_Source records_
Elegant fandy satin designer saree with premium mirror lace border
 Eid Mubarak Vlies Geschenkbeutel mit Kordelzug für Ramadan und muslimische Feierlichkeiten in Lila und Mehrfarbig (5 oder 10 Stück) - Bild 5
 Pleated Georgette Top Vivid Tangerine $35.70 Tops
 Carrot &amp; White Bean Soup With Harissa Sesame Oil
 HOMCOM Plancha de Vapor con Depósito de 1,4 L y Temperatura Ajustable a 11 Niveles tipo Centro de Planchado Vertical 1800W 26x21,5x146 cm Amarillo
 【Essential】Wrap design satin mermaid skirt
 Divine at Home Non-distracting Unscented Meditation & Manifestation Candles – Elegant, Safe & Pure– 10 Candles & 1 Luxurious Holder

_Task description_
The complete listing, from first line to last, should be copied verbatim.

_Expected output_
Elegant fandy satin designer saree with premium mirror lace border
 Eid Mubarak Vlies Geschenkbeutel mit Kordelzug für Ramadan und muslimische Feierlichkeiten in Lila und Mehrfarbig (5 oder 10 Stück) - Bild 5
 Pleated Georgette Top Vivid Tangerine $35.70 Tops
 Carrot &amp; White Bean Soup With Harissa Sesame Oil
 HOMCOM Plancha de Vapor con Depósito de 1,4 L y Temperatura Ajustable a 11 Niveles tipo Centro de Planchado Vertical 1800W 26x21,5x146 cm Amarillo
 【Essential】Wrap design satin mermaid skirt
 Divine at Home Non-distracting Unscented Meditation & Manifestation Candles – Elegant, Safe & Pure– 10 Candles & 1 Luxurious Holder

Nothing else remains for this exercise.